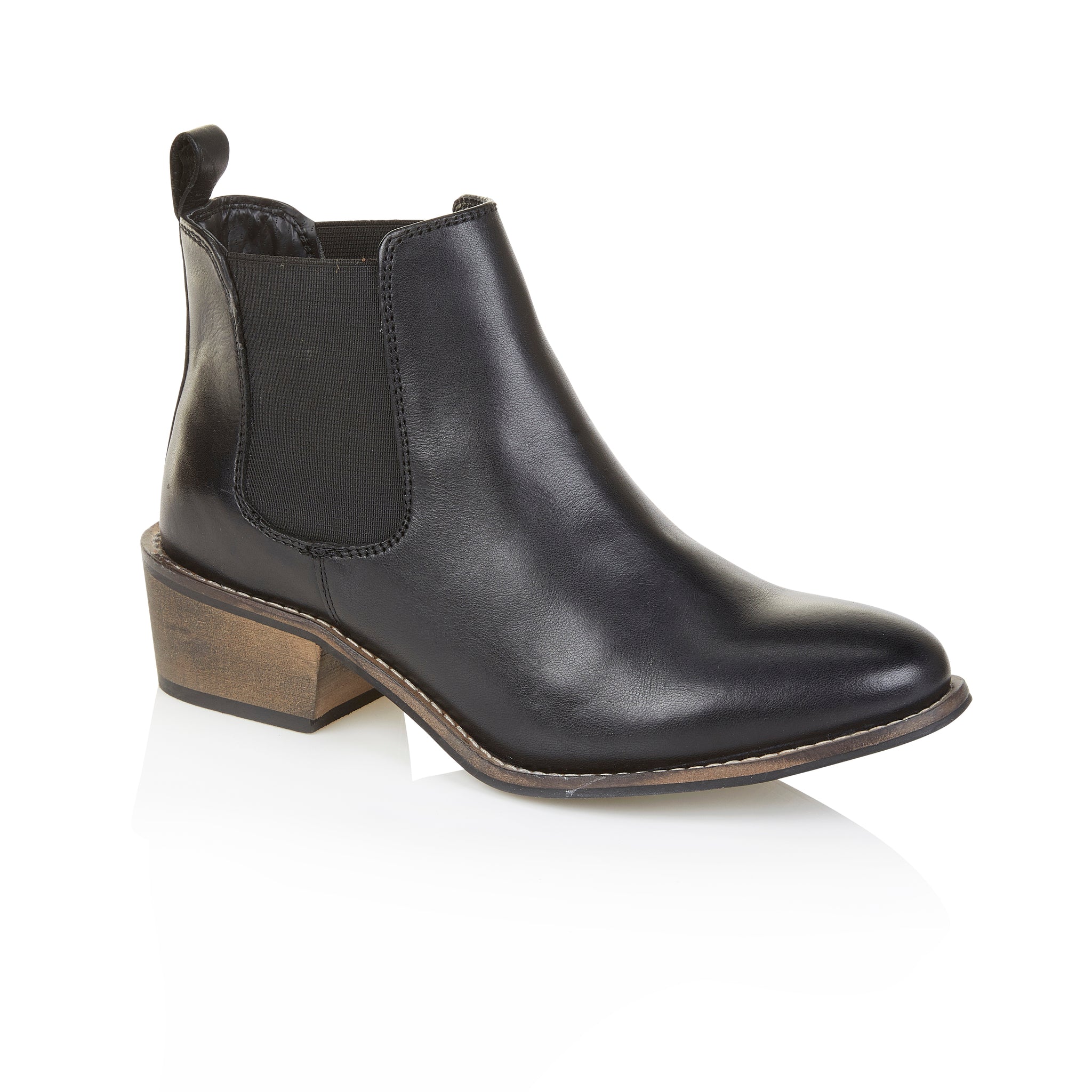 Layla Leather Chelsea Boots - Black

--

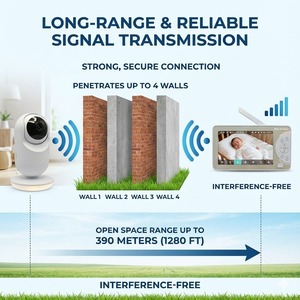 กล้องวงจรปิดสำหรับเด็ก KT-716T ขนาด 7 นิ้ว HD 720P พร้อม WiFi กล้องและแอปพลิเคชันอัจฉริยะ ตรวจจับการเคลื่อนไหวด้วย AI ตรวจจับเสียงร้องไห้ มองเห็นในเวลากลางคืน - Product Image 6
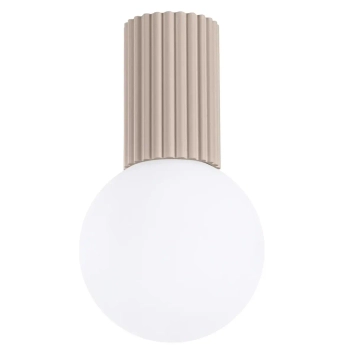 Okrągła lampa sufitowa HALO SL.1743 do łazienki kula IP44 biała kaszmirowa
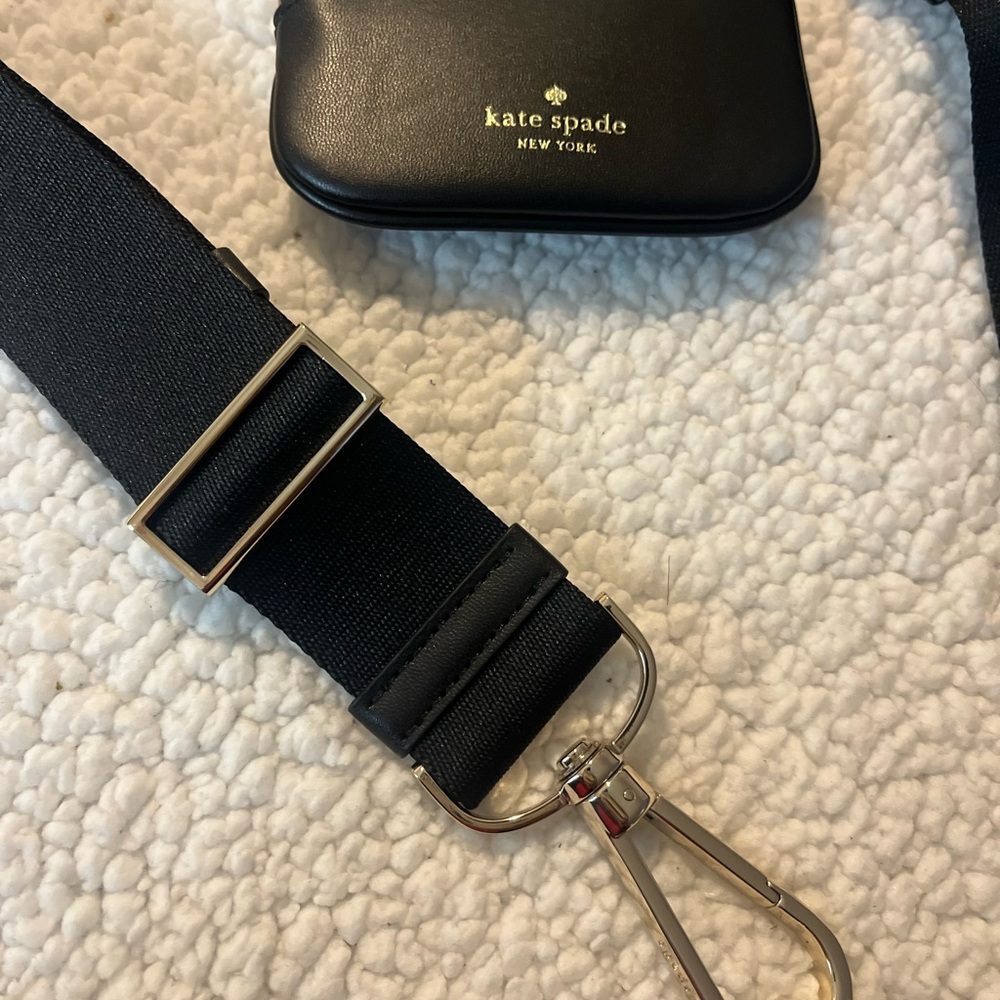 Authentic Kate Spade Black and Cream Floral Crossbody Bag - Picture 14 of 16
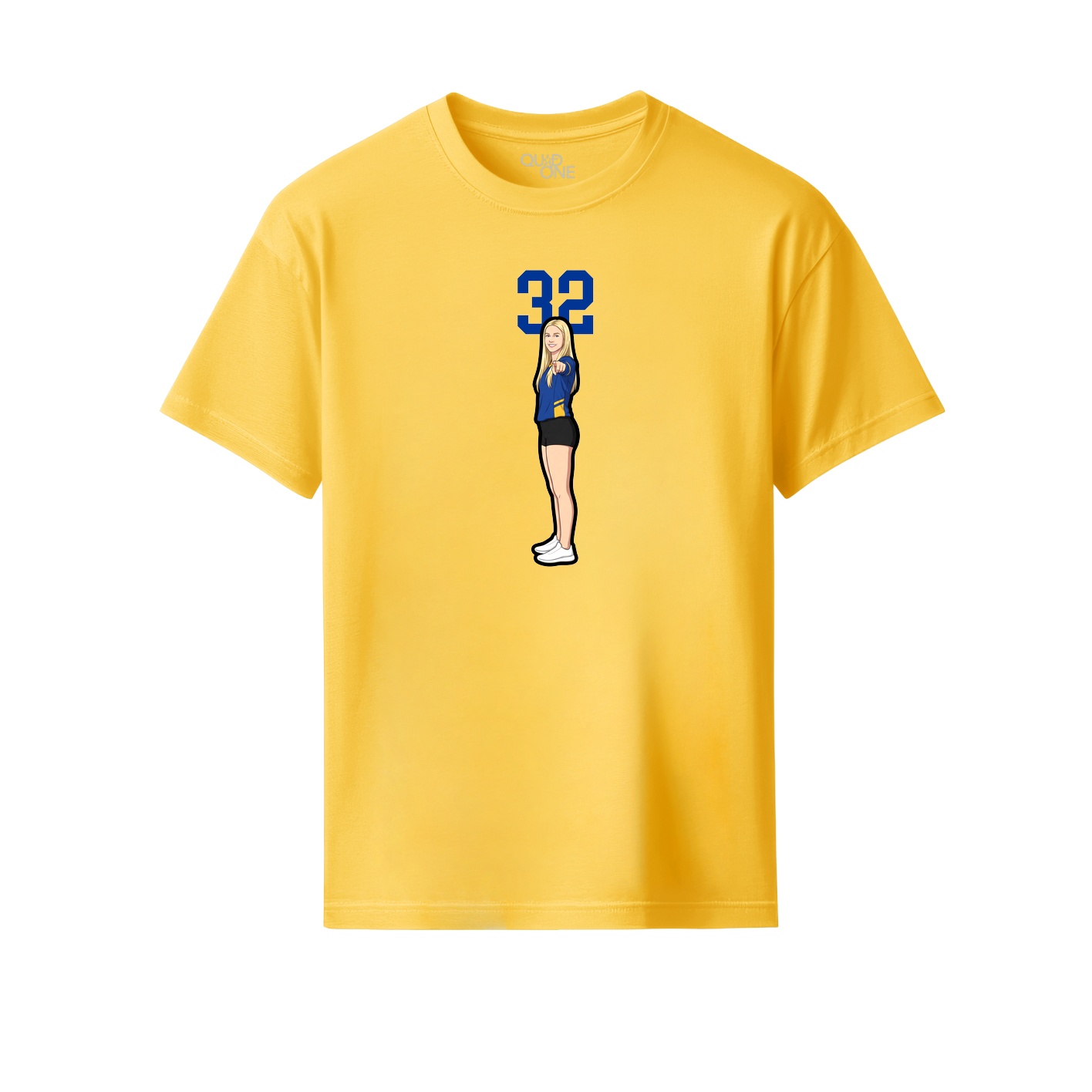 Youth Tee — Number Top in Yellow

...

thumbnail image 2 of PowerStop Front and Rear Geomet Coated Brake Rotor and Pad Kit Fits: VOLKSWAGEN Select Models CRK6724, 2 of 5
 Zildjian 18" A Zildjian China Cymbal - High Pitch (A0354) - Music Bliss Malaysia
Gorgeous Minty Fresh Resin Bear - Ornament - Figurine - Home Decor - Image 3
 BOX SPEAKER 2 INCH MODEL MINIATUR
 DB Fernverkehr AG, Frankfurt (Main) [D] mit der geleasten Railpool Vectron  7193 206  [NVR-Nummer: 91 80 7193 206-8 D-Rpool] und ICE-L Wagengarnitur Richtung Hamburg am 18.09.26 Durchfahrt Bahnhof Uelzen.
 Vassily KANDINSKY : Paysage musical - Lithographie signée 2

### Activity:
In the listing above, find the line with "BOX SPEAKER 2 INCH MODEL MINIATUR" and the line with "Vassily KANDINSKY : Paysage"; set down exactly those two lines and every line between them, nothing more.

### Finished task:
 BOX SPEAKER 2 INCH MODEL MINIATUR
 DB Fernverkehr AG, Frankfurt (Main) [D] mit der geleasten Railpool Vectron  7193 206  [NVR-Nummer: 91 80 7193 206-8 D-Rpool] und ICE-L Wagengarnitur Richtung Hamburg am 18.09.26 Durchfahrt Bahnhof Uelzen.
 Vassily KANDINSKY : Paysage musical - Lithographie signée 2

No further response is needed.